* [Directions for this task] Only the lines from the line containing "Herringbone wool blend blazer" through the final line of the entries should be printed, exactly as given, with the pictures left out.
START Data for processing
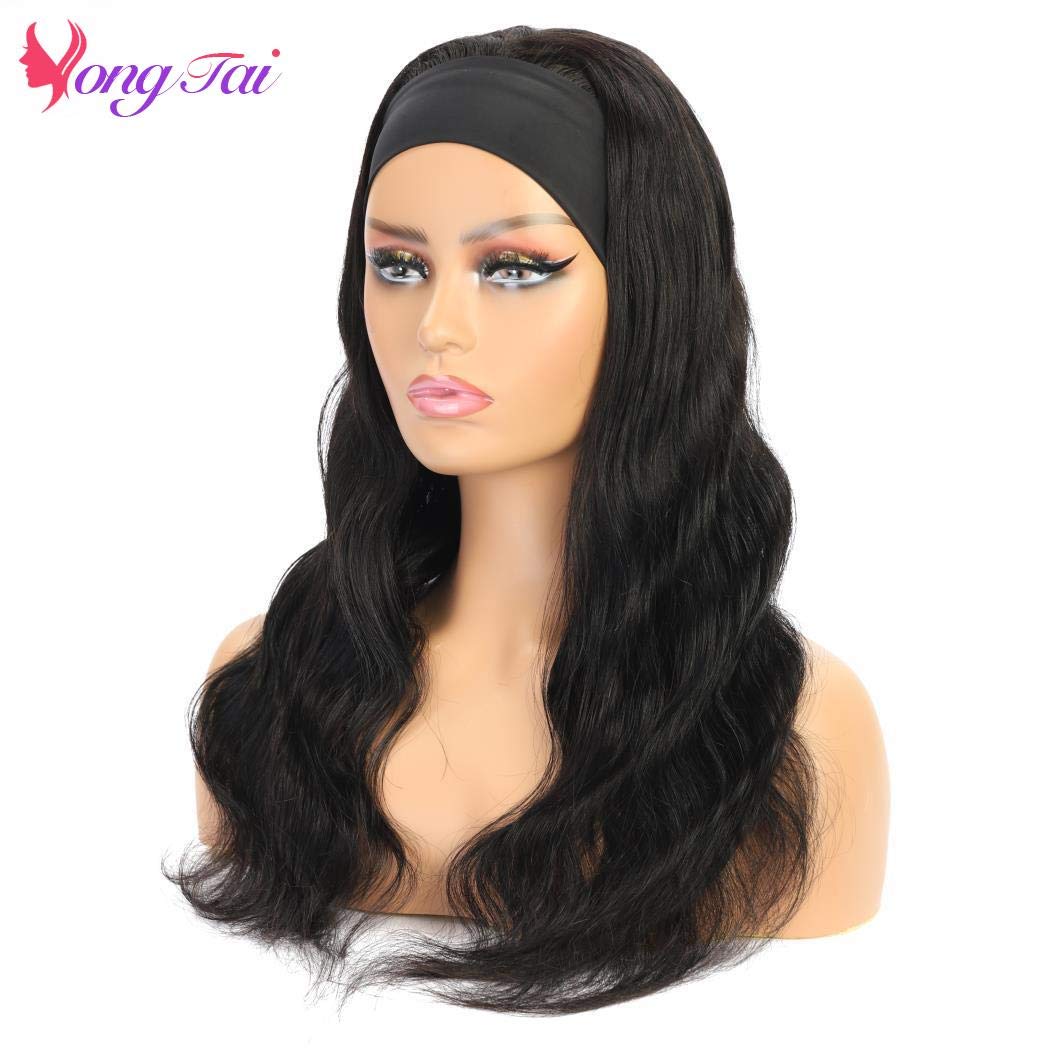 150% Density Glueless Human Hair Scarf Wig - Body Wave Headband Wig with Pre-Attached Scarf | No Lace Wear & Go Wig for Women | 22 Inch Natural Color | Perfect for Daily Wear, Parties & Protective Styling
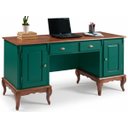 Ver imagem 1 de Escrivaninha 2 Portas 2 Gavetas Pés Luis Xv Linz Móveis 80 X 176 X 50 Cm (a X L X P)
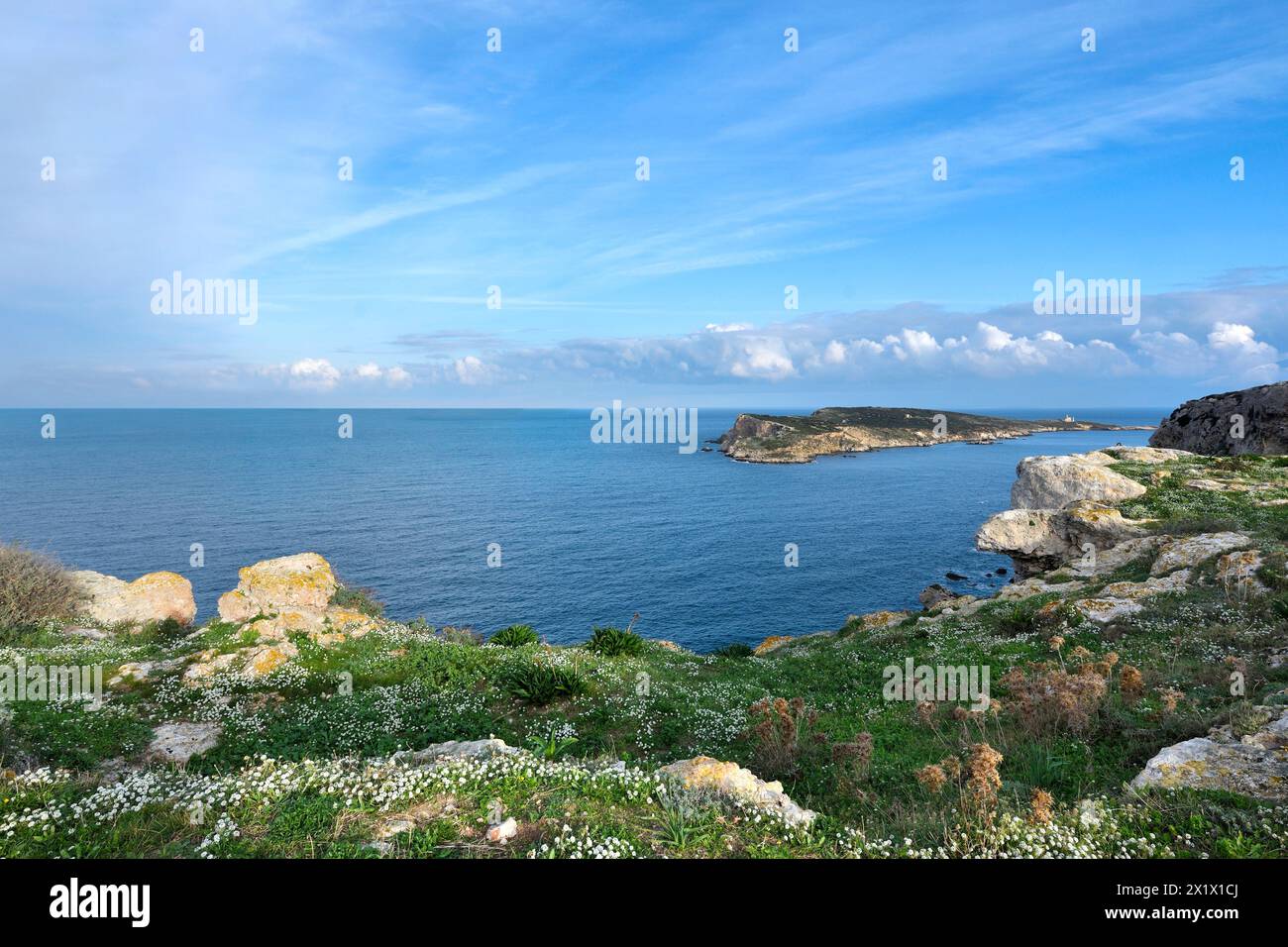 Panorama On Caprara Island From San Nicola. Tremiti Islands. Apulia. Italy Stock Photo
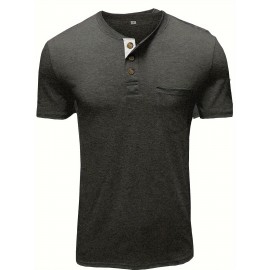 Plus Size Mens Slim Fit Crew Neck Color Block Casual T-Shirt - Soft Slight Stretch Polyester Fabric, Machine Washable, Vintage Style for All Seasons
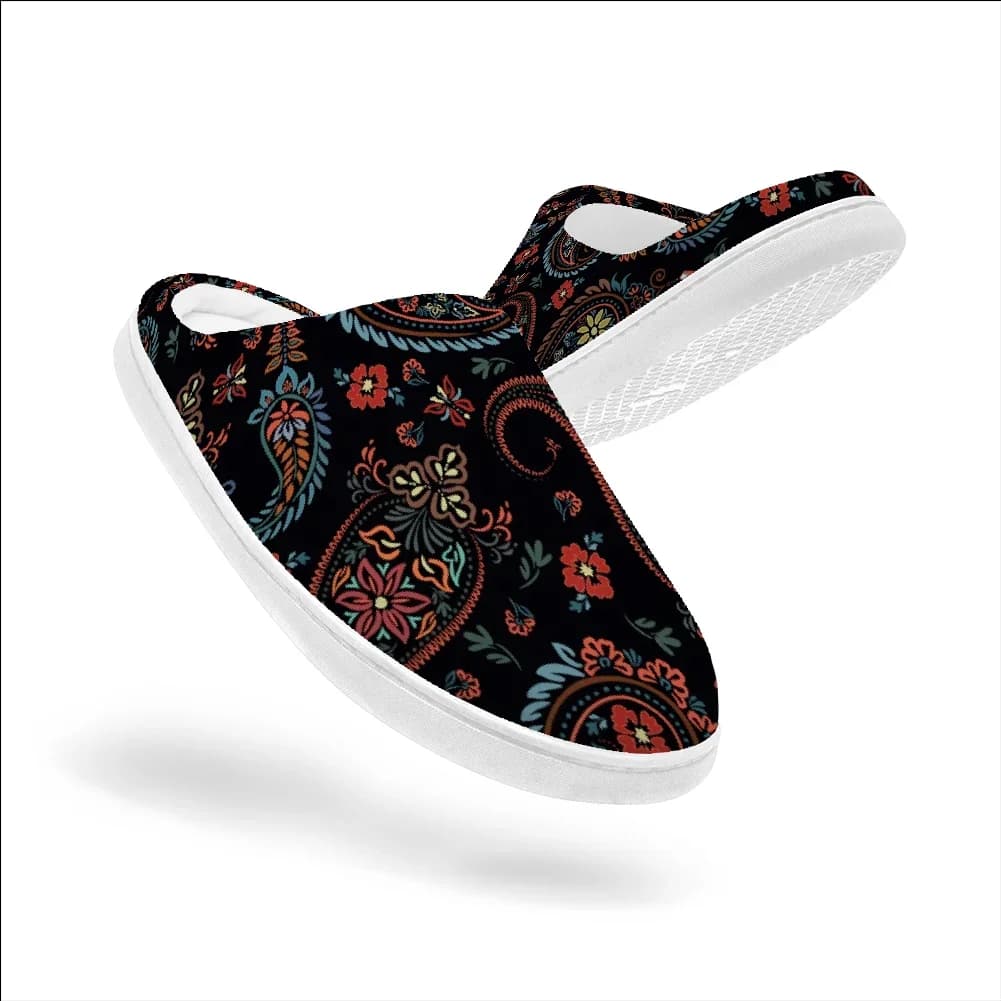 Black floral print Keep Smiling Home Cotton Slippers for High Quality Plush Casual Keep Warm Shoes Thermal Slipper
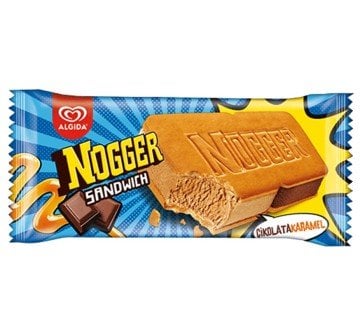 Algida Nogger Sandwich Çikolata Karamel Dondurma 145ml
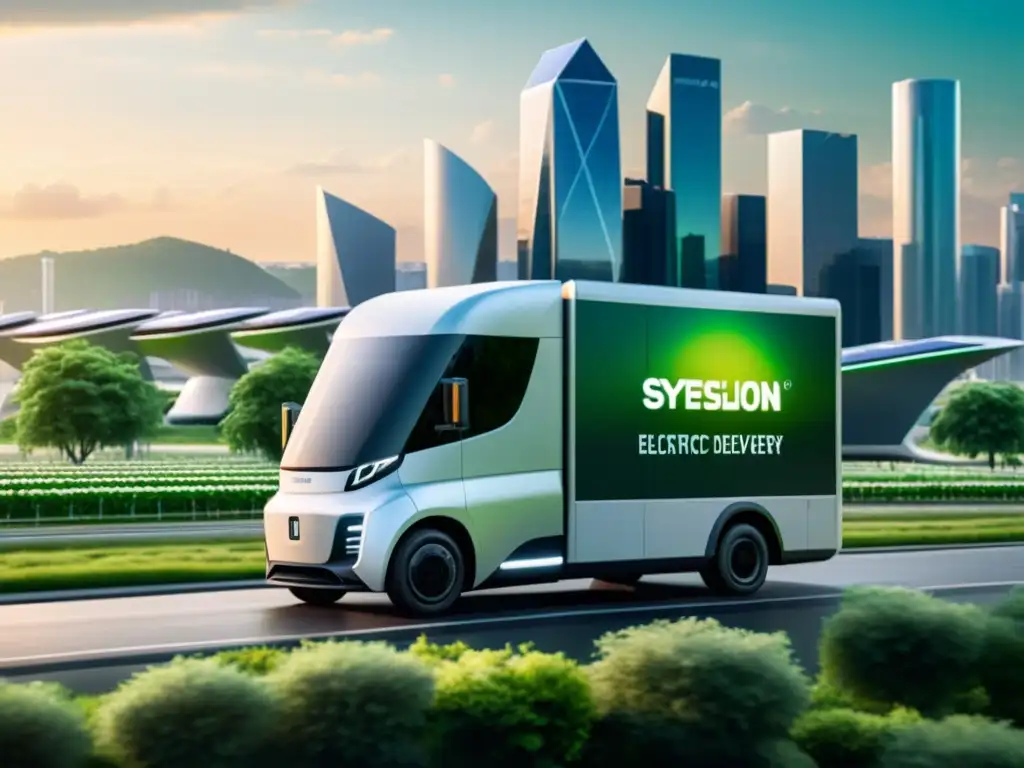 Innovaciones de transporte logística cadena verde: Camión eléctrico recorriendo un paisaje verde con paneles solares y tecnologías innovadoras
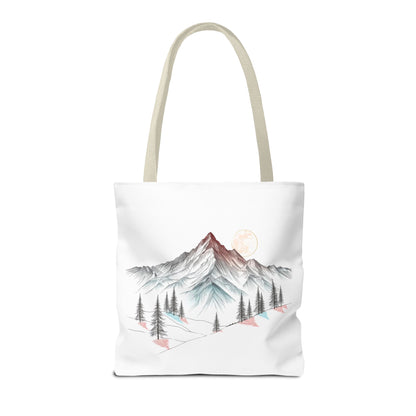 Modernes Canvas-Design „Wald & Berg Silhouette“ – Einkaufstasche mit 4 Henkel-Farben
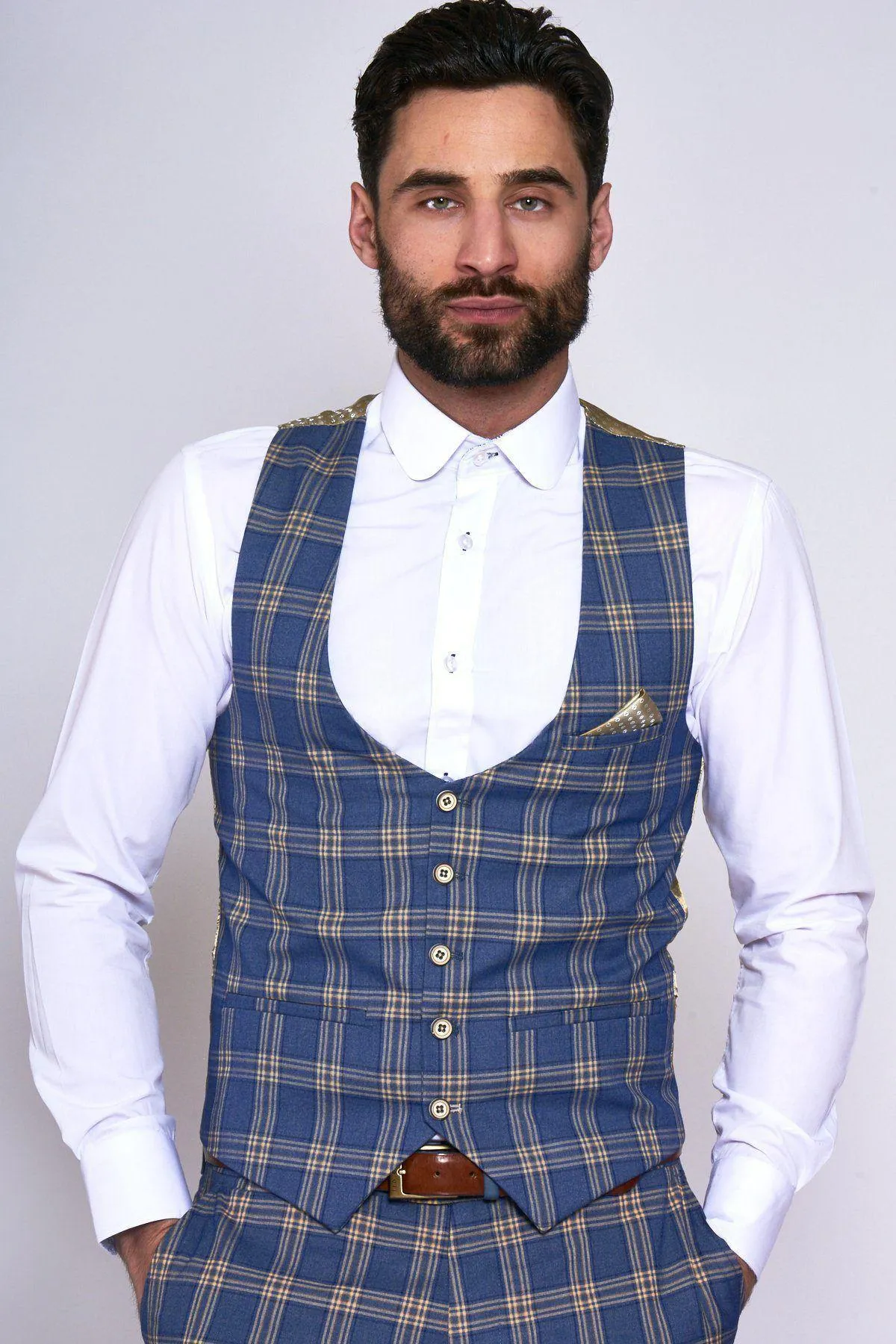 TONY - Blue Yellow Check Suit With Single Breasted Waistcoat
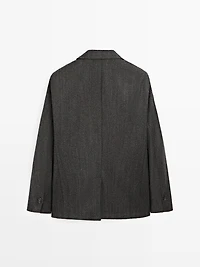 Herringbone wool blend blazer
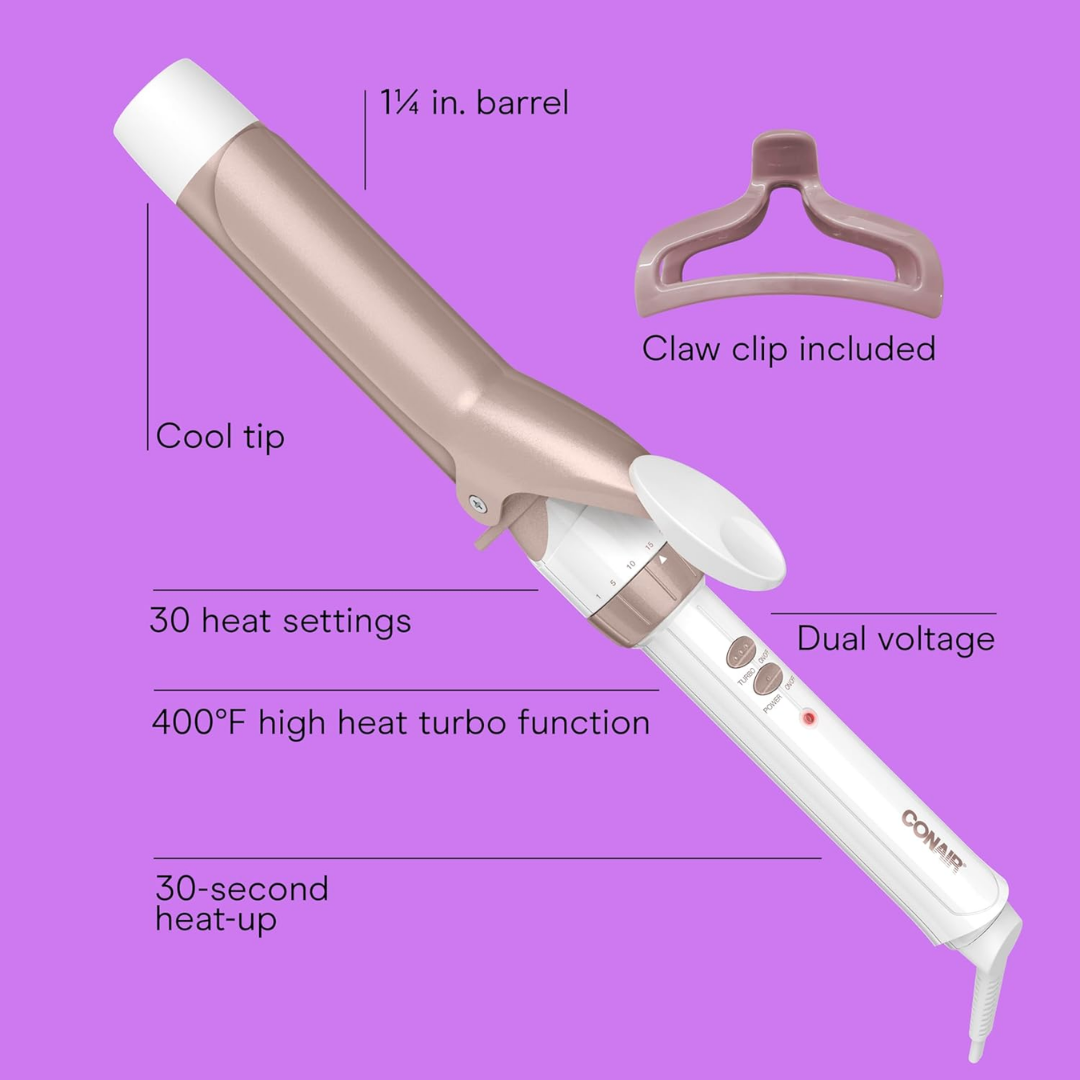 ConAir Double Ceramic 1¼ In. Curling Iron and Claw Clip, White / Rose Gold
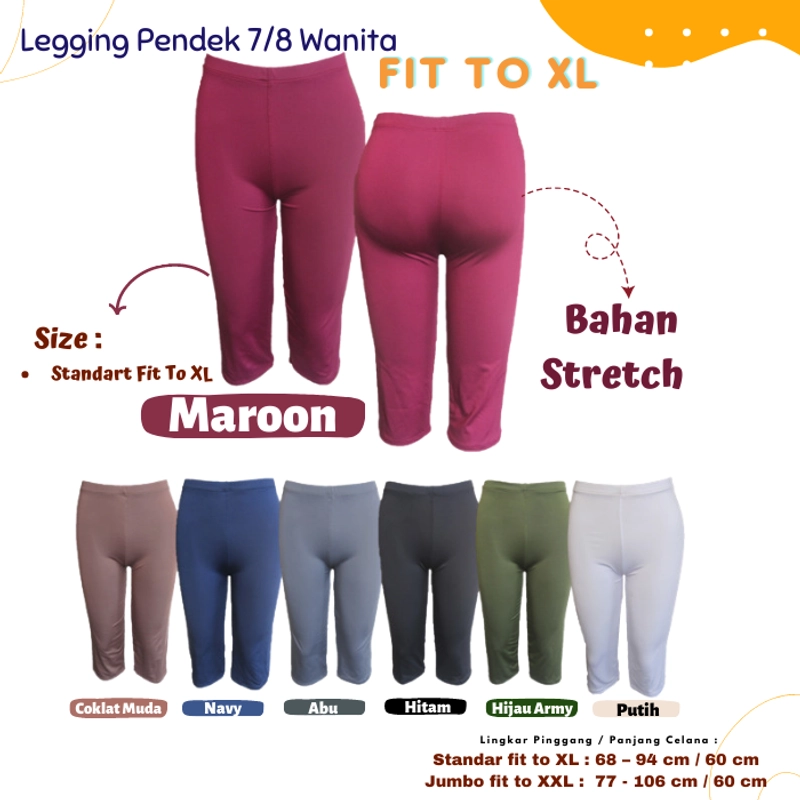 Product image Pakaian Wanita Celana Legging Panjang 7/8 Stretch Perempuan Cewek Standard Fit to XL all variant Navy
END Data for processing
* [The completed task]
 Herringbone wool blend blazer
 ConAir Double Ceramic 1¼ In. Curling Iron and Claw Clip, White / Rose Gold
 Product image Pakaian Wanita Celana Legging Panjang 7/8 Stretch Perempuan Cewek Standard Fit to XL all variant Navy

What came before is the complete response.